■ **TRY IT**:
Retyping the data exactly is the task. Include every line.

■ **DATASET EXTRACT**:
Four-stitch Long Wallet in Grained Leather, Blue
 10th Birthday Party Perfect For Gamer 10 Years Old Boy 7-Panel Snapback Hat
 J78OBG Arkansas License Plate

■ **RESULT FOR THIS TASK**:
Four-stitch Long Wallet in Grained Leather, Blue
 10th Birthday Party Perfect For Gamer 10 Years Old Boy 7-Panel Snapback Hat
 J78OBG Arkansas License Plate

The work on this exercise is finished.